More transparency is needed on soccer facility plan

The City Council in September agreed to a zoning change required for a controversial plan to allow the Chicago Fire soccer team to build an $80 million training center on Chicago Housing Authority-owned land on the West Side that was supposed to be set aside for public housing.

Before the City Council vote, some alderpersons raised important questions about how the deal would further erode the CHA’s poor track record on delivering new public housing.

Those questions must be answered, especially now that additional important details about the plan remain shrouded in mystery, according to a recent report by ProPublica Illinois’ Mick Dumke.

The CHA has asked the U.S. Department of Housing and Urban Development to review the deal, but according to ProPublica, has yet to share a copy of the lease agreement for the 23-acre site with HUD or the Council, or to publicly release information on how the city arrived at the $40 million price for the site.

Let’s be clear: The Chicago Fire are an asset to Chicago and “deserve to have a high-quality training facility,” as Mayor Lori Lightfoot said a few months back. And some, though not all, CHA resident leaders favor the Fire’s plan.

But families who have been waiting for public housing they were promised under CHA’s Plan for Transformation are equally deserving. The all-important question for HUD: How does the soccer facility plan fit with the CHA’s stated mission of providing better housing for those most in need?

Completing that mission must come first for CHA.

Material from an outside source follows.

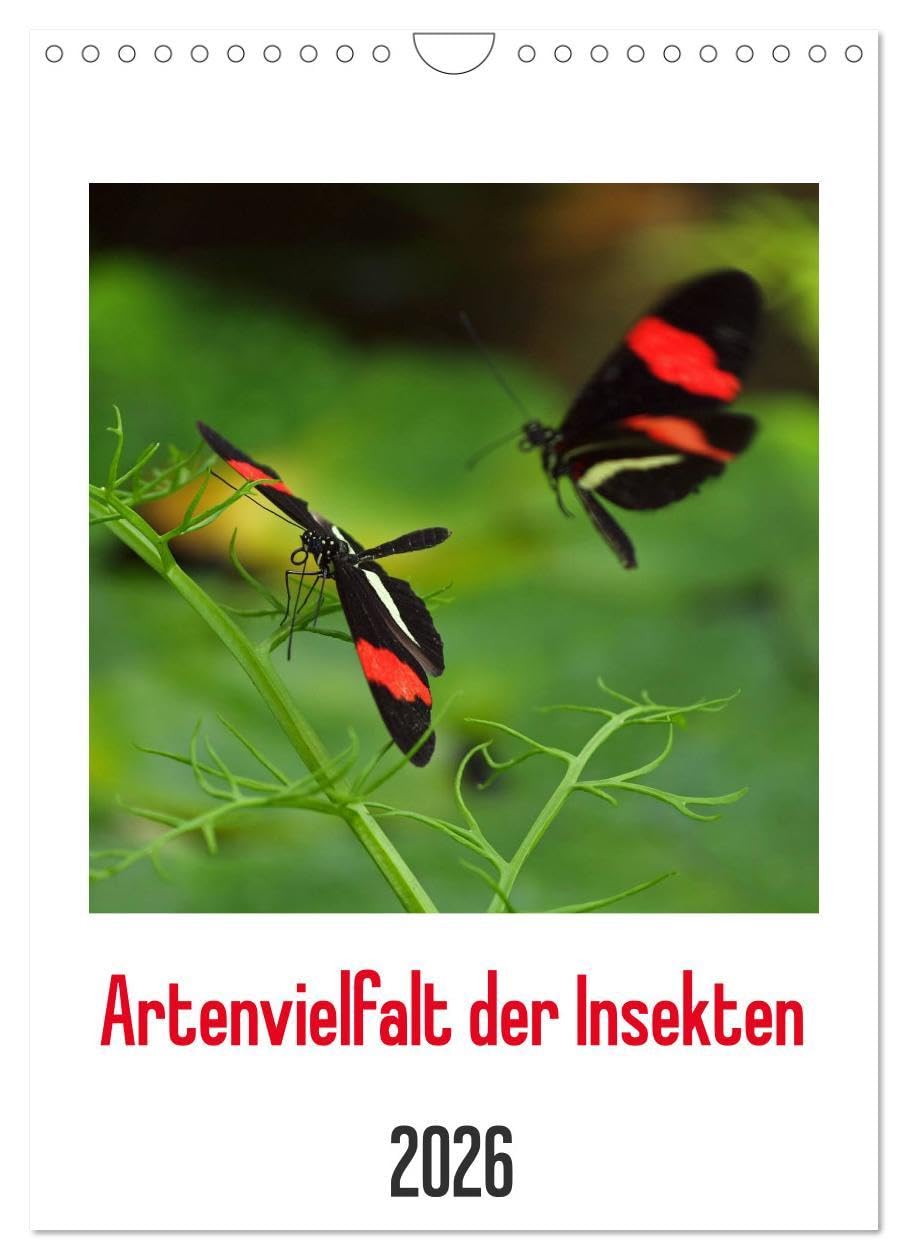 Artenvielfalt der Insekten (Wandkalender 2026 DIN A4 hoch), CALVENDO Monatskalender: Farbenfrohe und formenreiche Artenvielfalt der Insekten in eindrucksvollen Makroaufnahmen gezeigt. (CALVENDO Tiere) Natural Sciences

‘Raises a fundamental question’

The CHA has told alderpersons the Fire will likely pay up to $40 million to lease the site, which is bounded by Roosevelt Road, Ashland Avenue, 14th Street and Loomis Street, for 40 or more years. That’s down from $48 million, according to a 461-page environmental report made public in June.

CHA officials refused to disclose records to ProPublica showing the appraisal and analysis used to determine the value of the land, citing an exemption to the Freedom of Information Act and telling ProPublica that the agency will release the appraisal once the deal is finalized. Housing officials also have been evasive about whether they have an agreement in writing at all, according to ProPublica.

“It really raises a fundamental question about whether they’re proceeding in this way to avoid anyone knowing [the details] until it’s been done,” Joe Ferguson, the city’s former inspector general, told ProPublica.

By keeping information secret until the deal is complete, Ferguson said, the CHA is at odds with a key tenet of good government: transparency. “This is the Chicago way in its most dark form,” he said.

Ald. Byron Sigcho-Lopez (25th) represents part of the area where the CHA land, once part of the ABLA Homes development, is located. Most of ABLA was demolished under CHA’s Plan for Transformation.

Given the stakes involved, it’s no surprise that Sigcho-Lopez is rightly critical of the lack of transparency regarding key details of the plan. We’re critical, too. The devil is always in the details.

“Imagine such a big deal, such a big agreement like this, and they don’t have all the documents available,” he told ProPublica. “There has to be a cost-benefit analysis. Is this in the best interest of the ABLA residents? Is this in the best interest of the city of Chicago? How can you answer that when you don’t even know what the agreement is?”

Eleven Council members voted “no” on the Fire’s plan. HUD now has the final say in making sure CHA doesn’t turn its back on all those families waiting for the housing they are due.